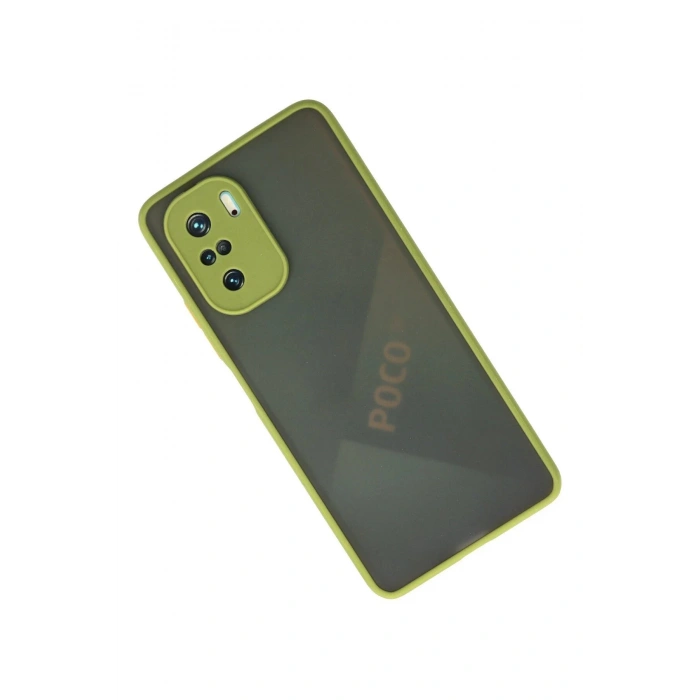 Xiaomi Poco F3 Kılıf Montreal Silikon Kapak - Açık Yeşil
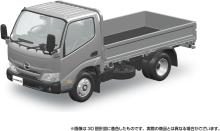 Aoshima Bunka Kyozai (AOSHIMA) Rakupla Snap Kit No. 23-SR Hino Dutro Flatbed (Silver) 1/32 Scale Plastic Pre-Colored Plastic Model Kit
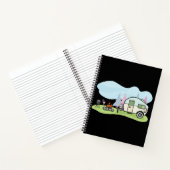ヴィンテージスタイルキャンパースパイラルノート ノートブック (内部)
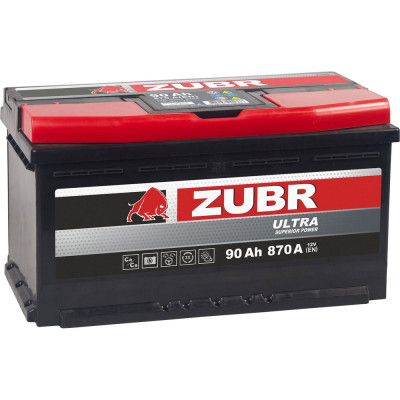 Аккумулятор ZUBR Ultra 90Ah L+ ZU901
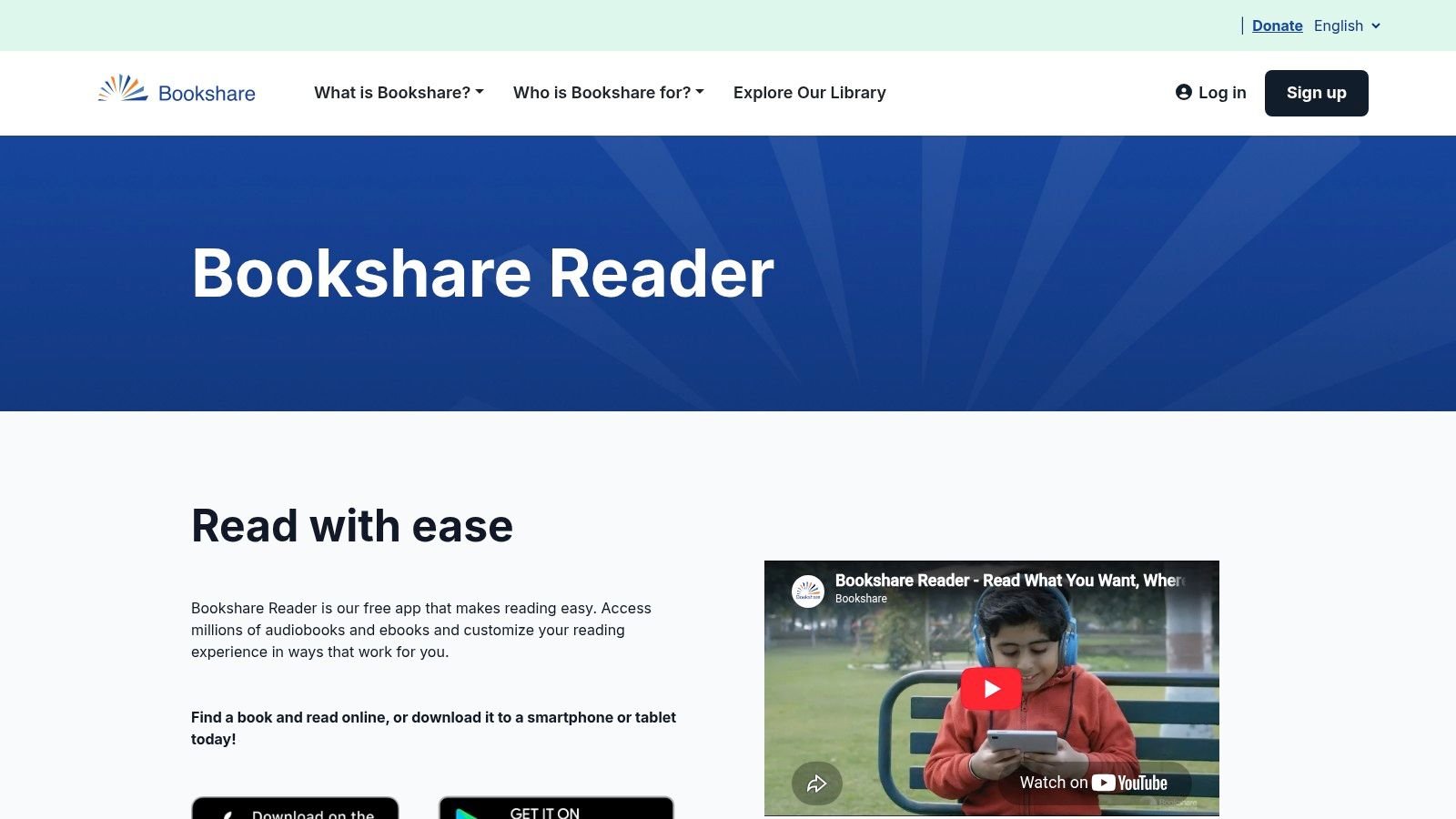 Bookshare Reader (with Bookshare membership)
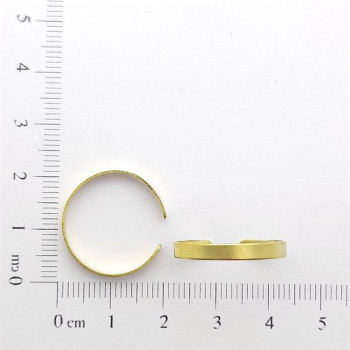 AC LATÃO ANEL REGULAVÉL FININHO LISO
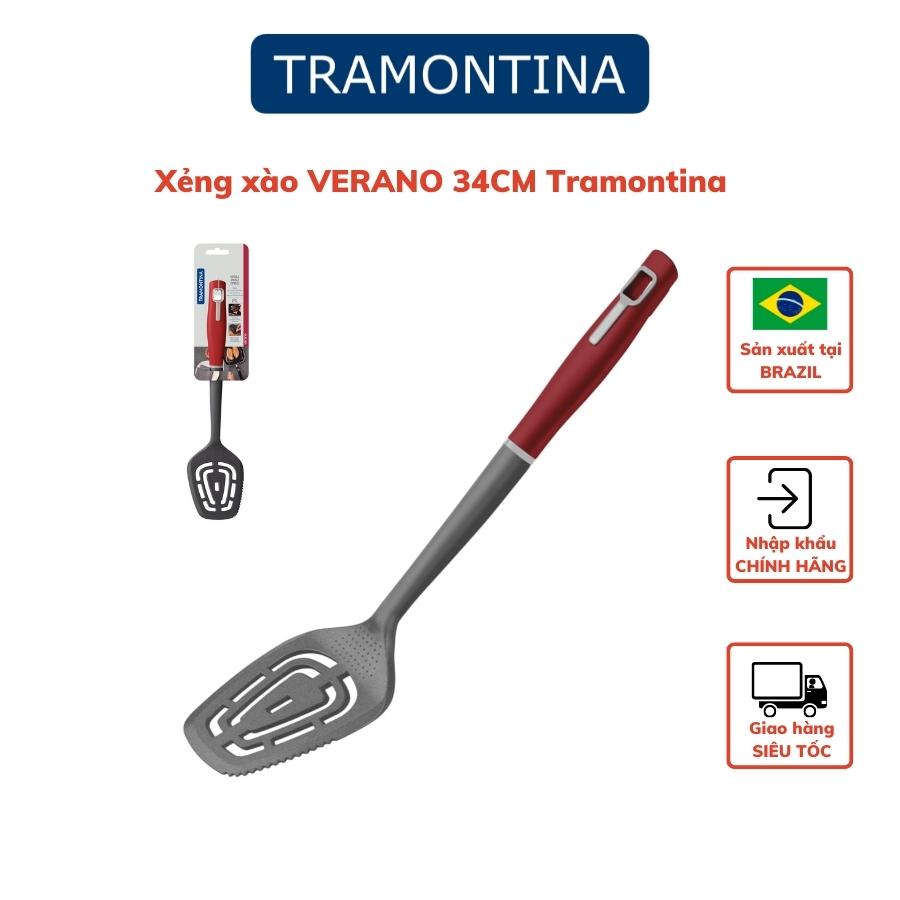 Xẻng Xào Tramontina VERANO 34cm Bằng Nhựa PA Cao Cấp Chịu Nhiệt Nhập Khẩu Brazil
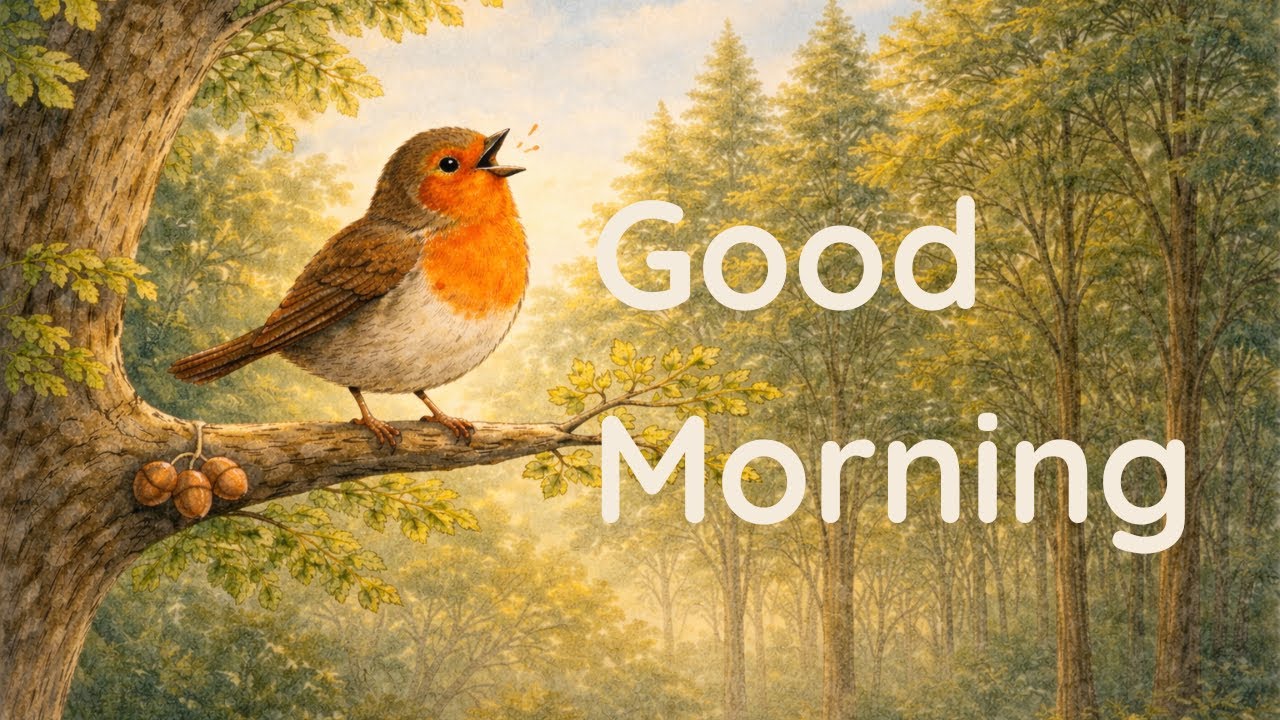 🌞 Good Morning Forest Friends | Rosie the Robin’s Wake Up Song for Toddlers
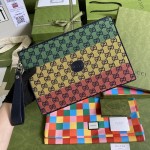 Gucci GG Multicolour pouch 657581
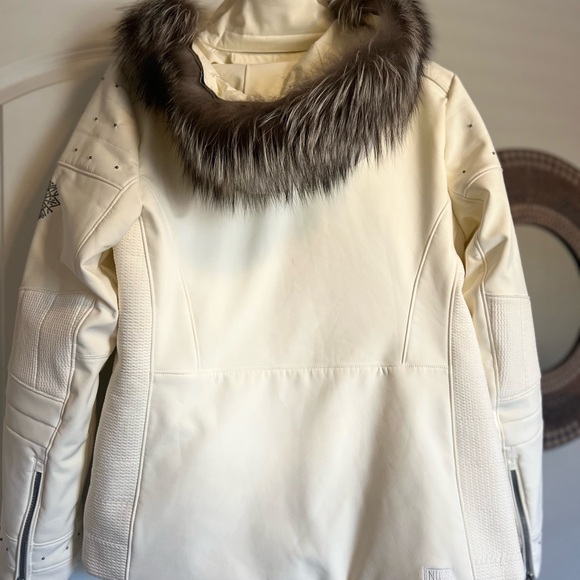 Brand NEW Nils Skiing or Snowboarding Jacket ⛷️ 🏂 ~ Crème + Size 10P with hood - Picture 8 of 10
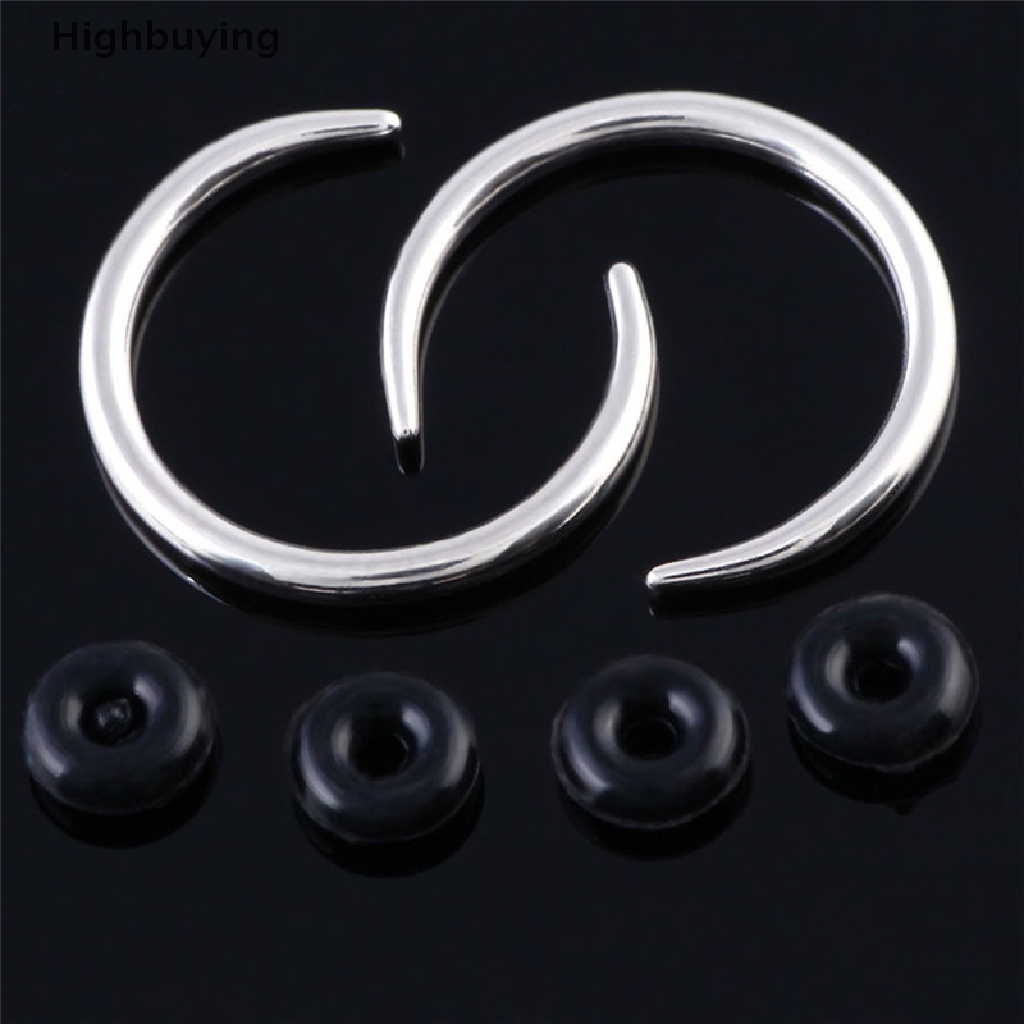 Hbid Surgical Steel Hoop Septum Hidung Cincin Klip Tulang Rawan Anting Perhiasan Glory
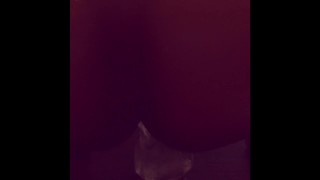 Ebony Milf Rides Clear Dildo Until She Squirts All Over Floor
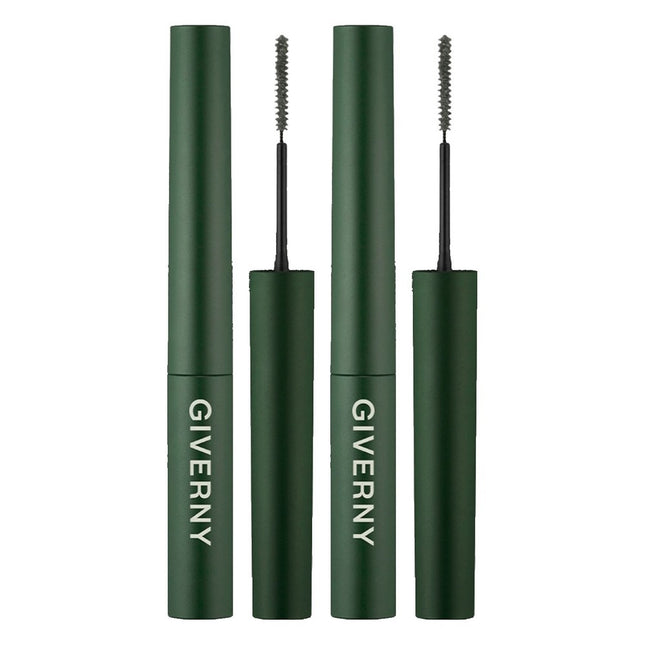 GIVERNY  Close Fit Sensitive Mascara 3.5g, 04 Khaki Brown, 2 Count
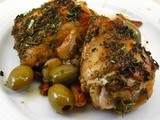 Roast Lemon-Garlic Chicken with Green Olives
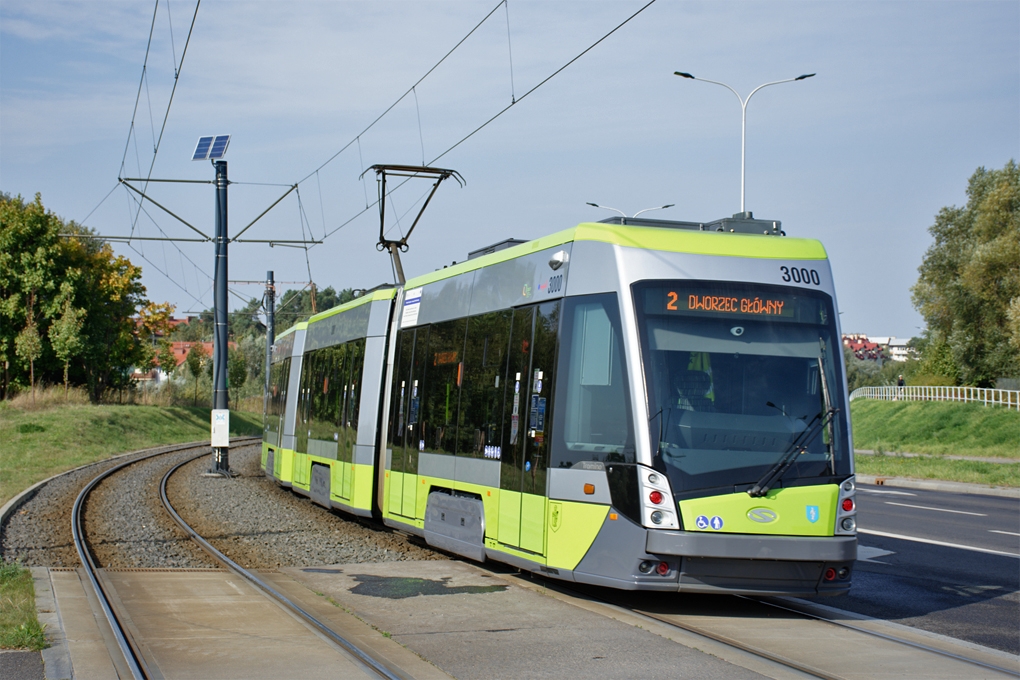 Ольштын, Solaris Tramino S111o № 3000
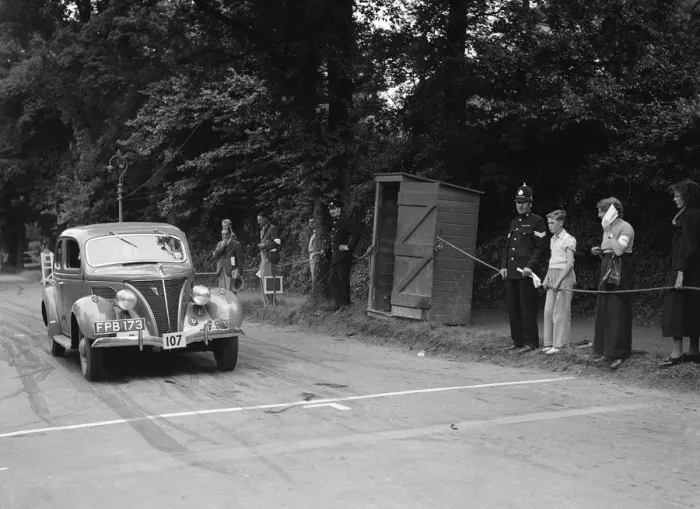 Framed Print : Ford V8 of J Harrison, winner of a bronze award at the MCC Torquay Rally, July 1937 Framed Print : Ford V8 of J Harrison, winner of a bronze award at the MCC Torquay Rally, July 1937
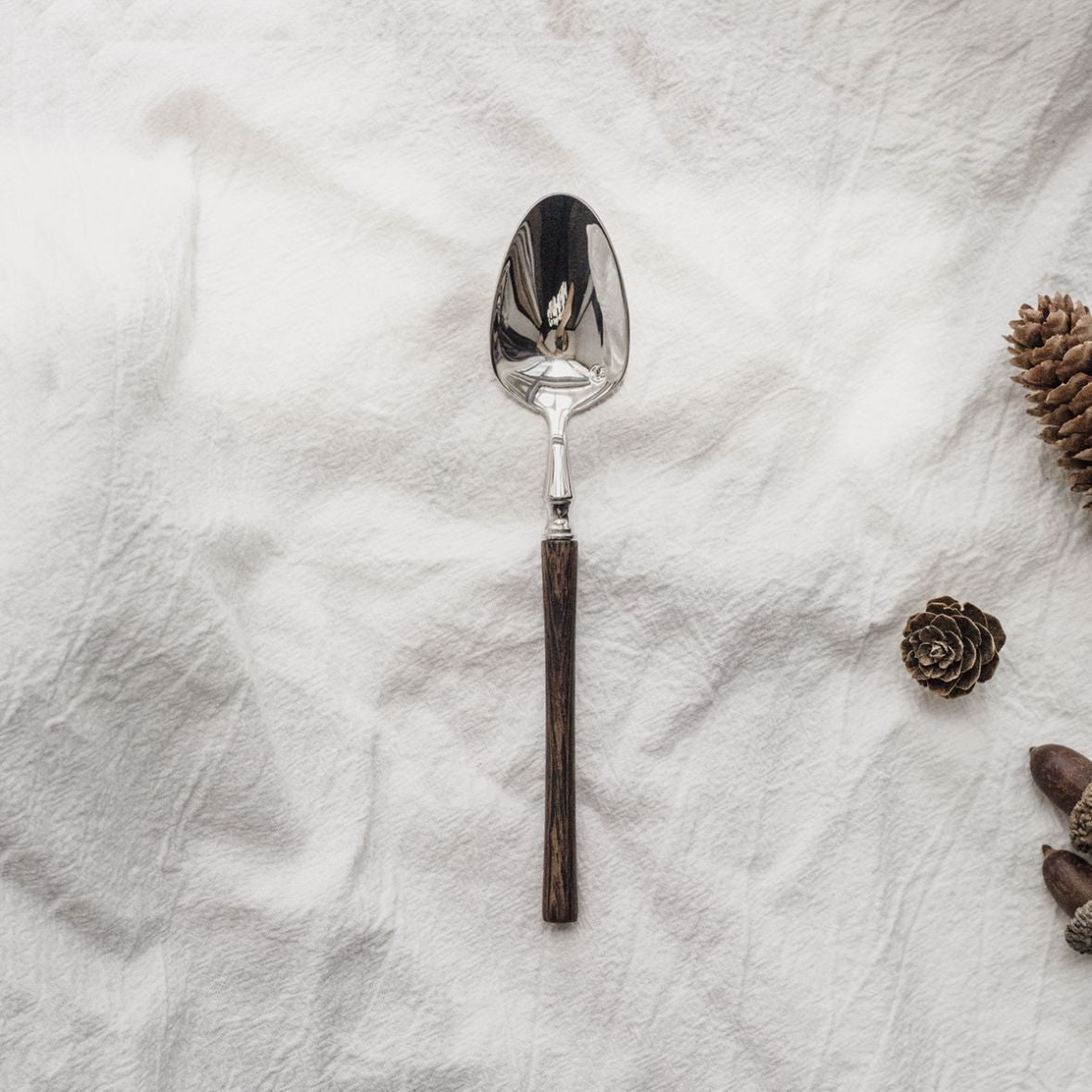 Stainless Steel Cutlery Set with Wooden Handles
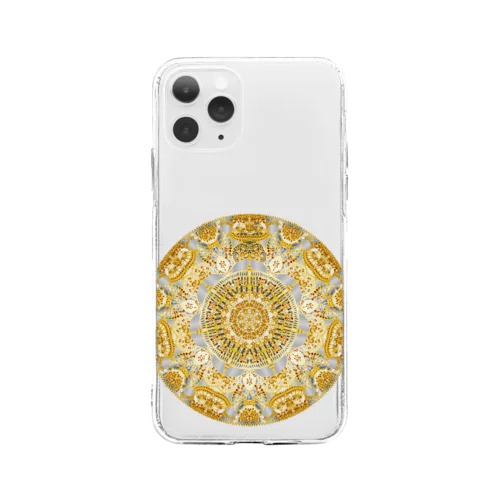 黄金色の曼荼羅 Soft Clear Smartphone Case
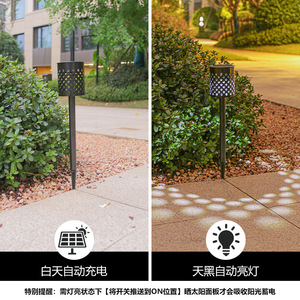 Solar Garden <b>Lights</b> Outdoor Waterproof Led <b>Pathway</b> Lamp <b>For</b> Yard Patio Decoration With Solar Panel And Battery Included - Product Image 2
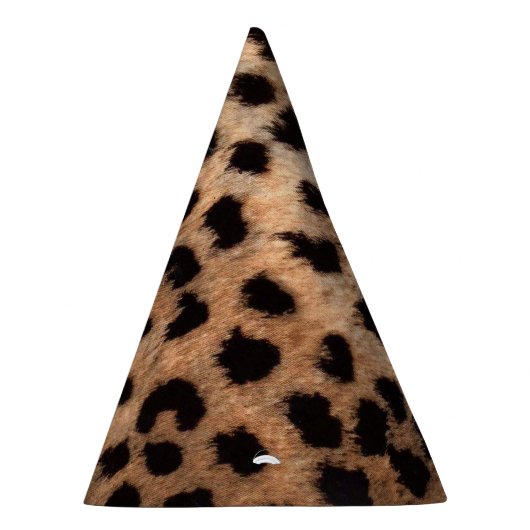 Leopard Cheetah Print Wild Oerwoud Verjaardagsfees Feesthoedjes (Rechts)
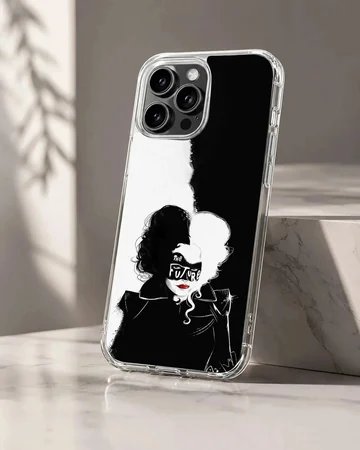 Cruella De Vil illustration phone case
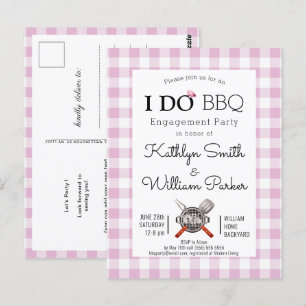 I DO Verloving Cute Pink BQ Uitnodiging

++++++

> [To do] A verbatim printout of the entries above is expected, free of pictures.

> [Written answer]
 Xiaomi Poco F3 Kılıf Montreal Silikon Kapak - Açık Yeşil
 Aoshima Bunka Kyozai (AOSHIMA) Rakupla Snap Kit No. 23-SR Hino Dutro Flatbed (Silver) 1/32 Scale Plastic Pre-Colored Plastic Model Kit
ヴィンテージスタイルキャンパースパイラルノート ノートブック (内部)
 Аккумулятор ZUBR Ultra 90Ah L+ ZU901
 Bookshare Reader (with Bookshare membership)
 AC LATÃO ANEL REGULAVÉL FININHO LISO
 Xẻng Xào Tramontina VERANO 34cm Bằng Nhựa PA Cao Cấp Chịu Nhiệt Nhập Khẩu Brazil
 🌞 Good Morning Forest Friends | Rosie the Robin’s Wake Up Song for Toddlers
 Gucci GG Multicolour pouch 657581
 Brand NEW Nils Skiing or Snowboarding Jacket ⛷️ 🏂 ~ Crème + Size 10P with hood - Picture 8 of 10
 Hbid Surgical Steel Hoop Septum Hidung Cincin Klip Tulang Rawan Anting Perhiasan Glory
 Ebony Milf Rides Clear Dildo Until She Squirts All Over Floor
 GIVERNY  Close Fit Sensitive Mascara 3.5g, 04 Khaki Brown, 2 Count
 Roast Lemon-Garlic Chicken with Green Olives
 Ольштын, Solaris Tramino S111o № 3000
 Framed Print : Ford V8 of J Harrison, winner of a bronze award at the MCC Torquay Rally, July 1937 Framed Print : Ford V8 of J Harrison, winner of a bronze award at the MCC Torquay Rally, July 1937
 Stainless Steel Cutlery Set with Wooden Handles
 黄金色の曼荼羅 Soft Clear Smartphone Case
 Solar Garden <b>Lights</b> Outdoor Waterproof Led <b>Pathway</b> Lamp <b>For</b> Yard Patio Decoration With Solar Panel And Battery Included - Product Image 2
 Leopard Cheetah Print Wild Oerwoud Verjaardagsfees Feesthoedjes (Rechts)
 Cruella De Vil illustration phone case
 I DO Verloving Cute Pink BQ Uitnodiging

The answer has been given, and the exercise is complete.